◆ **Required action**: Reproduce every record below exactly, with the pictures left out.

◆ **Provided entries**:
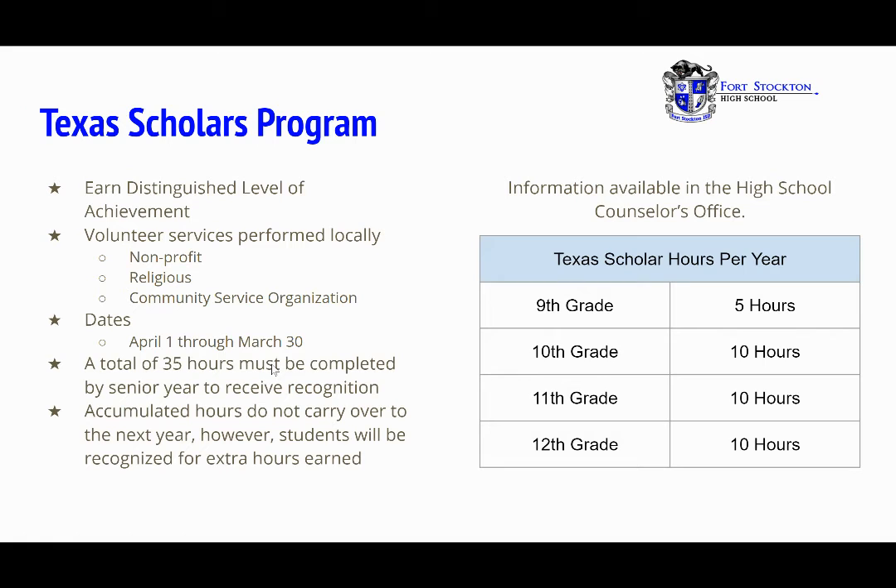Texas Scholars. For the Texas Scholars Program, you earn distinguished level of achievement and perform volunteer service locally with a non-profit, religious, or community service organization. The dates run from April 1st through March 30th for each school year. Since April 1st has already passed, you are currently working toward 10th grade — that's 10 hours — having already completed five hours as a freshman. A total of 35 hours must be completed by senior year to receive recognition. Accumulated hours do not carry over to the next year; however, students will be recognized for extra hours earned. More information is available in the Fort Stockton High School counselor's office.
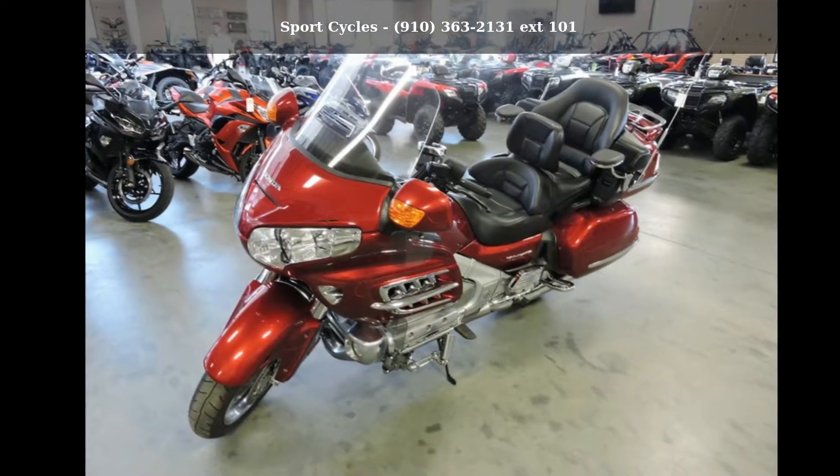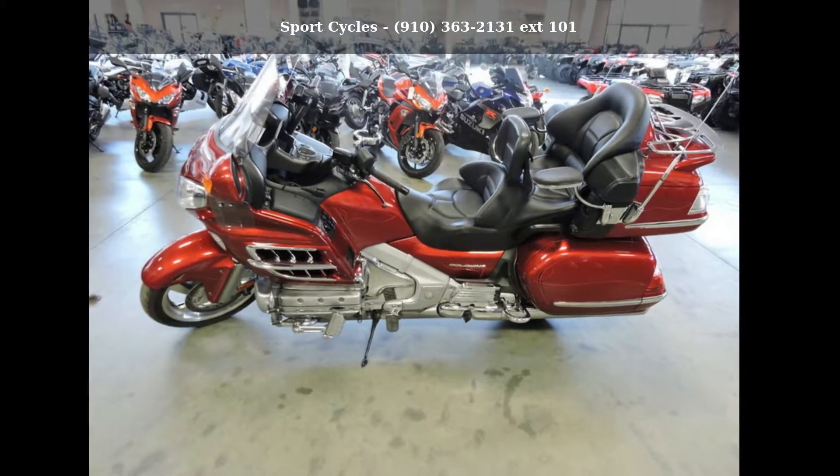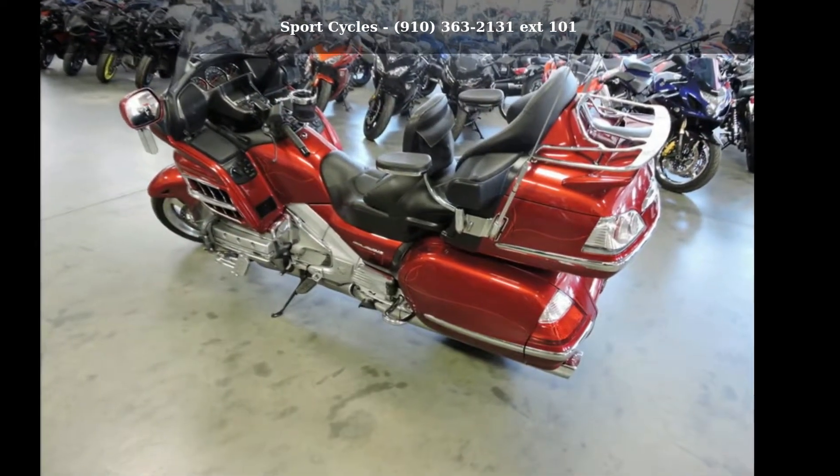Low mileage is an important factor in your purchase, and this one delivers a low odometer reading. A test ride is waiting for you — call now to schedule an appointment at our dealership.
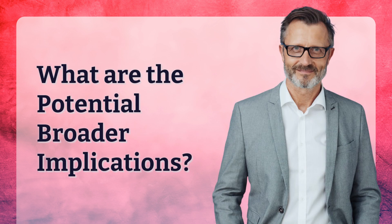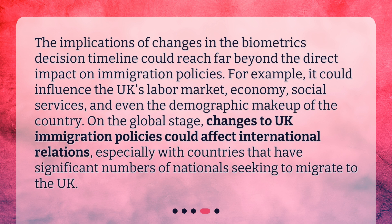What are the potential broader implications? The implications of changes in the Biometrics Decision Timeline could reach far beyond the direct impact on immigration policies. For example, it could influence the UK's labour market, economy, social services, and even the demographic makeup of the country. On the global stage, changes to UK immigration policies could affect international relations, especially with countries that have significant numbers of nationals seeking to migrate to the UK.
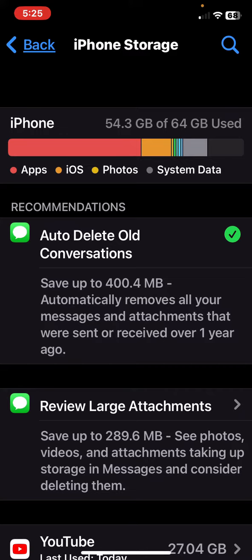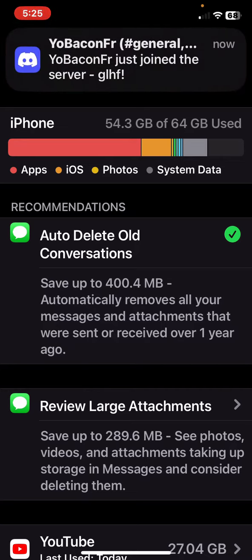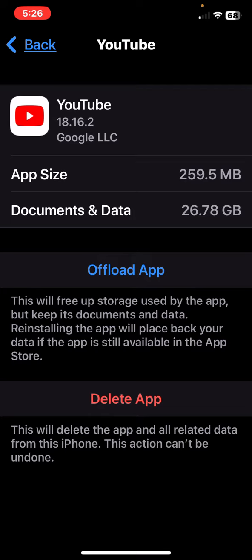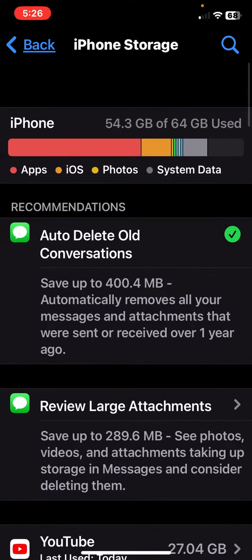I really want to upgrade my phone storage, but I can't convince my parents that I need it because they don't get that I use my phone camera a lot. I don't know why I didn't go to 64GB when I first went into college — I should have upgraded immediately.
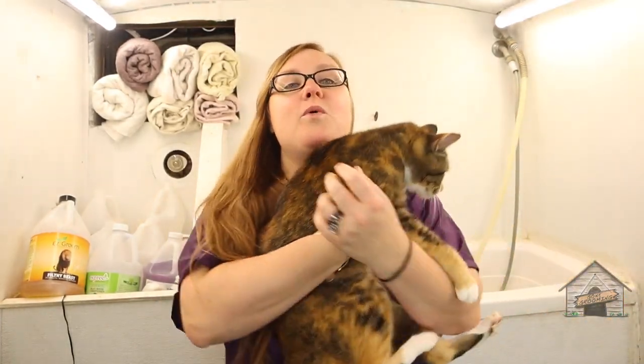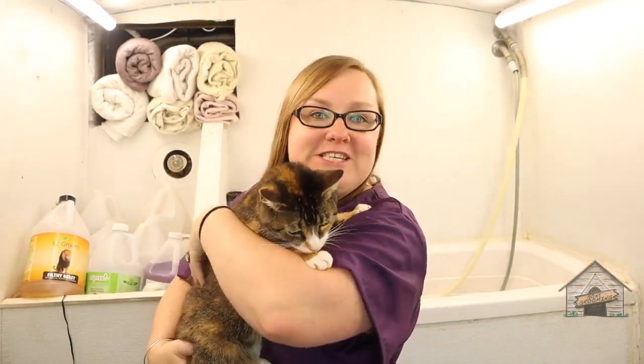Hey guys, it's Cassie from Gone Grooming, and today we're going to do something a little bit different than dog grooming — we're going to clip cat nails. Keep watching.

◆ **Solution for this task**:
Texas Scholars. For the Texas Scholars Program, you earn distinguished level of achievement and perform volunteer service locally with a non-profit, religious, or community service organization. The dates run from April 1st through March 30th for each school year. Since April 1st has already passed, you are currently working toward 10th grade — that's 10 hours — having already completed five hours as a freshman. A total of 35 hours must be completed by senior year to receive recognition. Accumulated hours do not carry over to the next year; however, students will be recognized for extra hours earned. More information is available in the Fort Stockton High School counselor's office.
Low mileage is an important factor in your purchase, and this one delivers a low odometer reading. A test ride is waiting for you — call now to schedule an appointment at our dealership.
What are the potential broader implications? The implications of changes in the Biometrics Decision Timeline could reach far beyond the direct impact on immigration policies. For example, it could influence the UK's labour market, economy, social services, and even the demographic makeup of the country. On the global stage, changes to UK immigration policies could affect international relations, especially with countries that have significant numbers of nationals seeking to migrate to the UK.
I really want to upgrade my phone storage, but I can't convince my parents that I need it because they don't get that I use my phone camera a lot. I don't know why I didn't go to 64GB when I first went into college — I should have upgraded immediately.
Hey guys, it's Cassie from Gone Grooming, and today we're going to do something a little bit different than dog grooming — we're going to clip cat nails. Keep watching.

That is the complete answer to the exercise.